What to work on »
Every line from the one with "チーズクリーム入り」のクチコミ画像 by くまプップさん" up to and including the one with "DEL900 Hostel Boutique" is to be output exactly as it appears below; pictures are not.

Dataset entries »
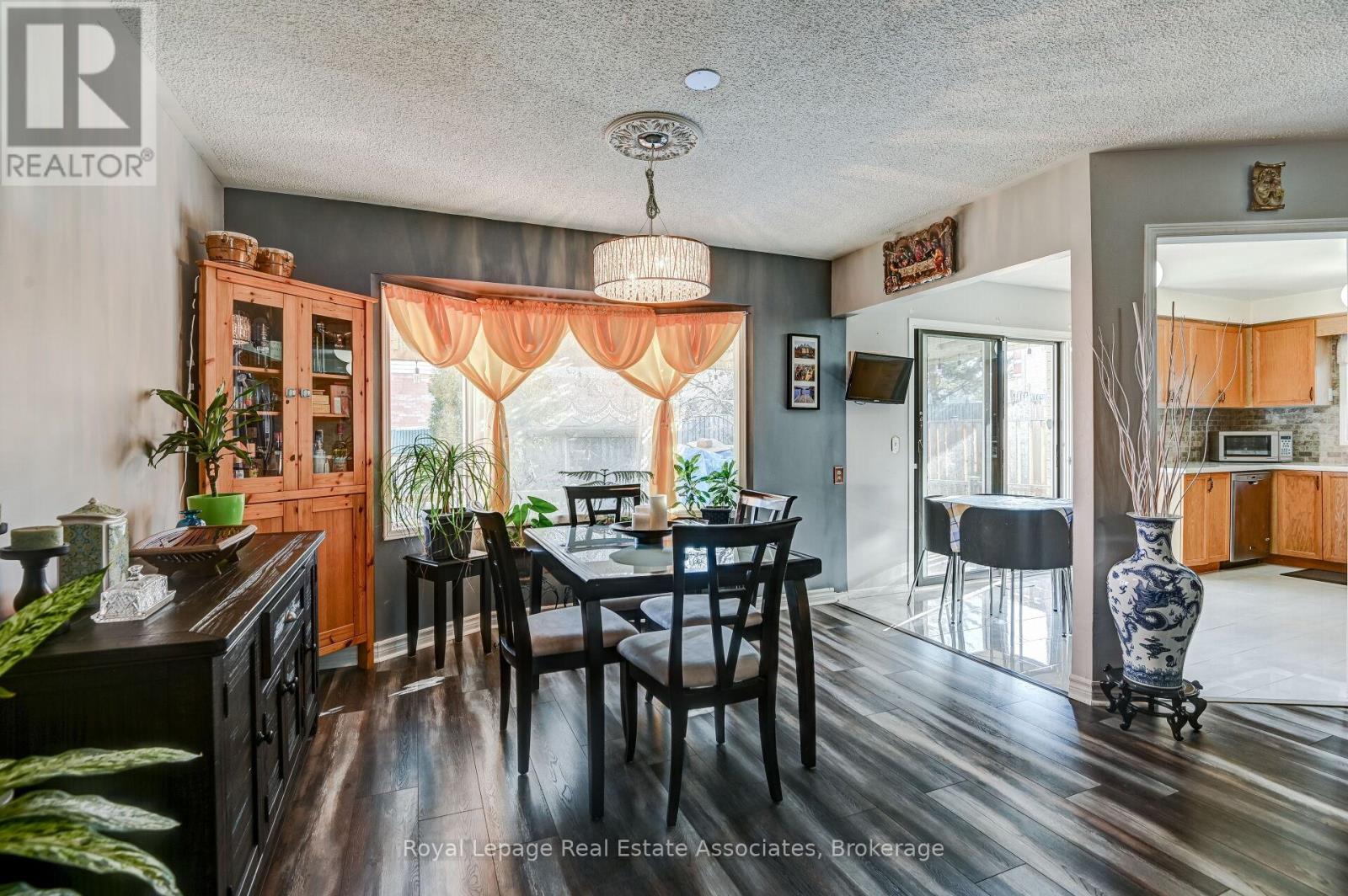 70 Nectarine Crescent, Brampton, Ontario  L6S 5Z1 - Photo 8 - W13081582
...
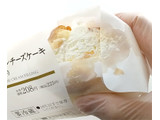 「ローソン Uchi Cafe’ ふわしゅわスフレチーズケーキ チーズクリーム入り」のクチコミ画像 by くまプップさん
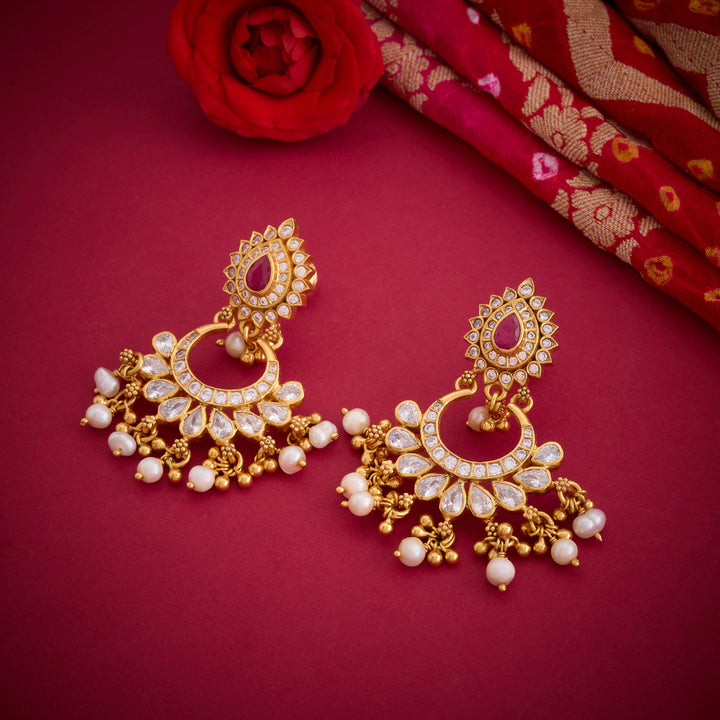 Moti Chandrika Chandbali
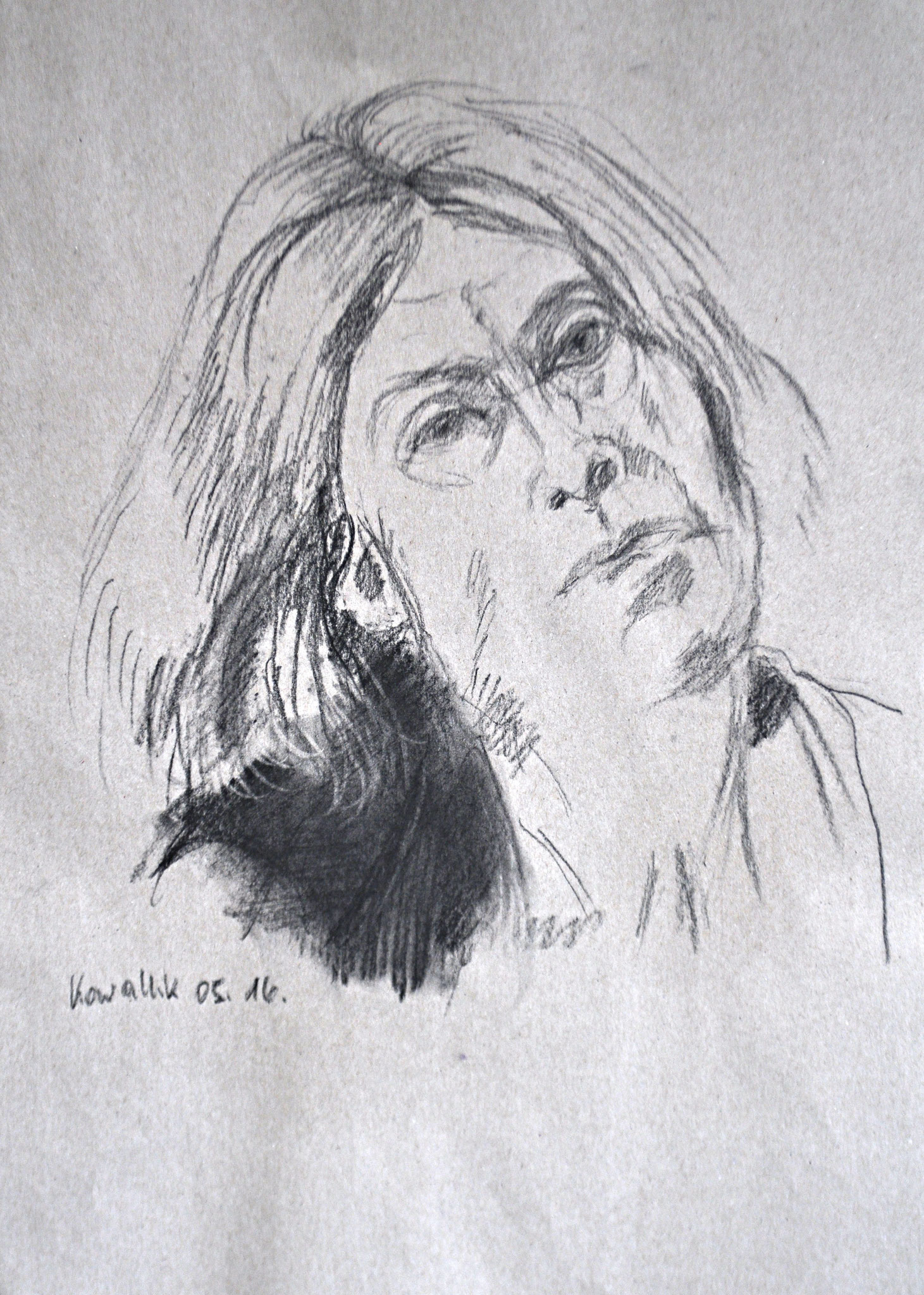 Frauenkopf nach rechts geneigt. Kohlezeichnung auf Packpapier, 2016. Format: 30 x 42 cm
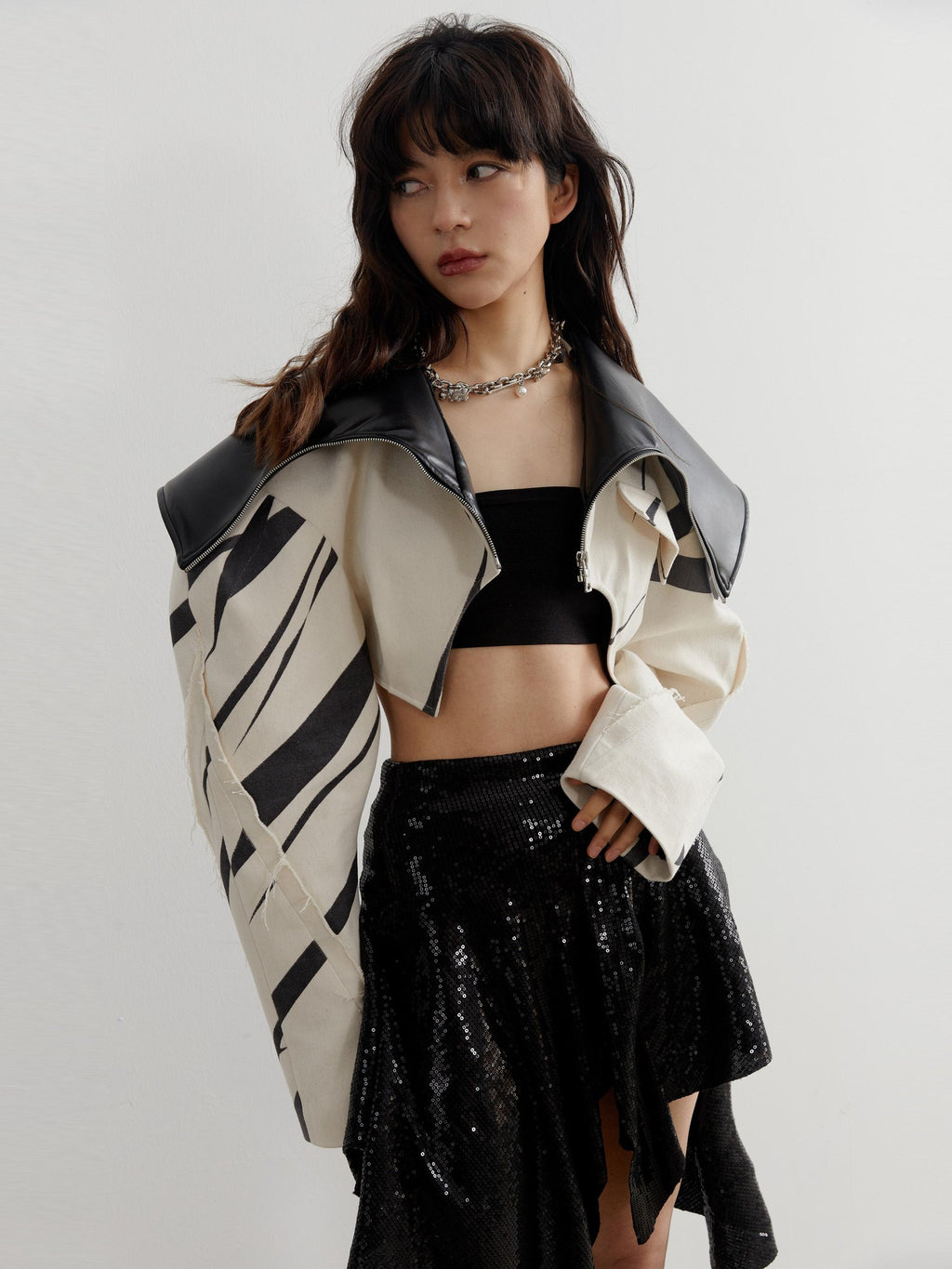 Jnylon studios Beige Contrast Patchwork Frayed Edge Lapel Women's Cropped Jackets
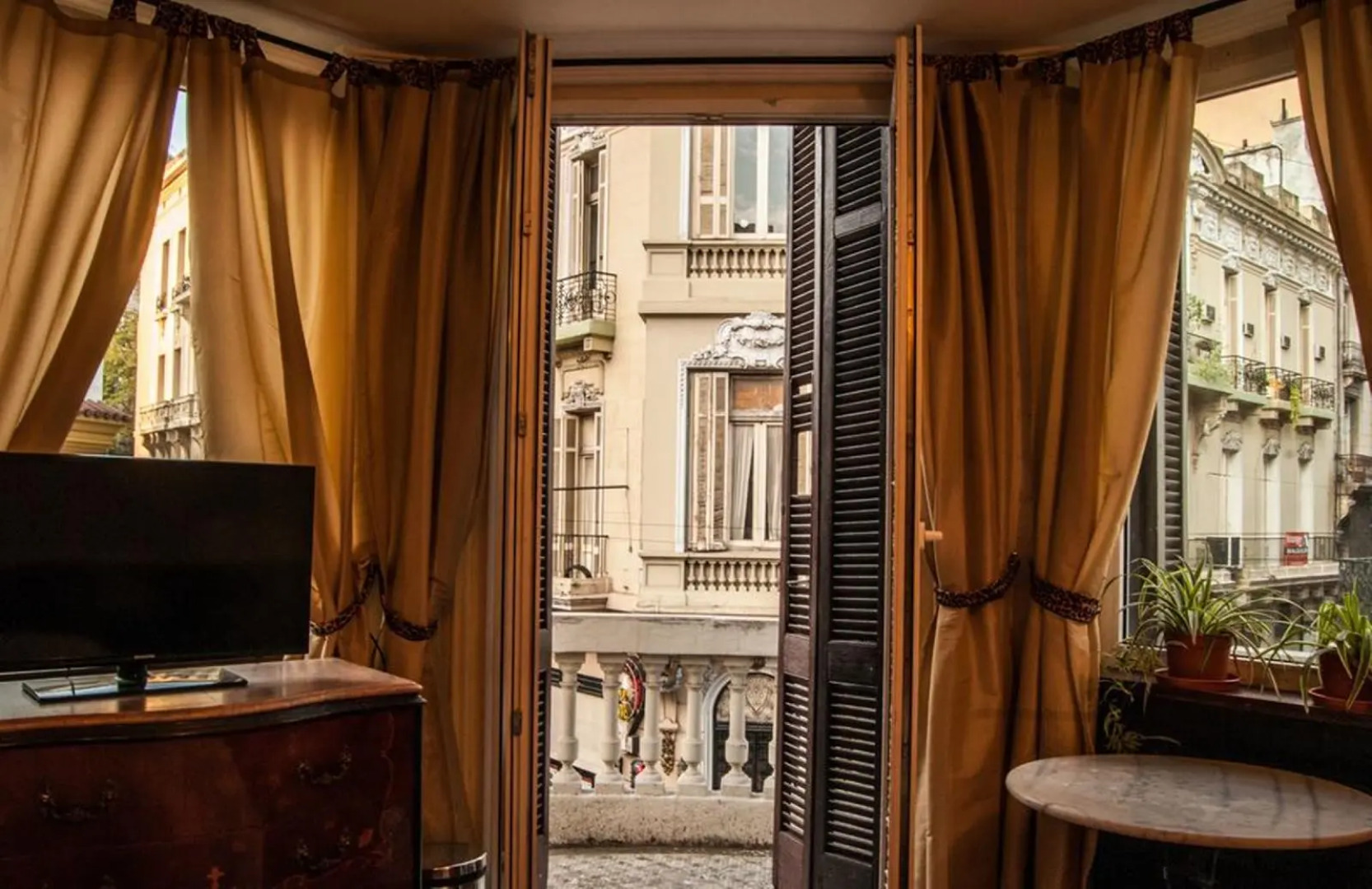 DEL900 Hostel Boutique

Finished task »
 「ローソン Uchi Cafe’ ふわしゅわスフレチーズケーキ チーズクリーム入り」のクチコミ画像 by くまプップさん
 Moti Chandrika Chandbali
 Frauenkopf nach rechts geneigt. Kohlezeichnung auf Packpapier, 2016. Format: 30 x 42 cm
 Jnylon studios Beige Contrast Patchwork Frayed Edge Lapel Women's Cropped Jackets
 DEL900 Hostel Boutique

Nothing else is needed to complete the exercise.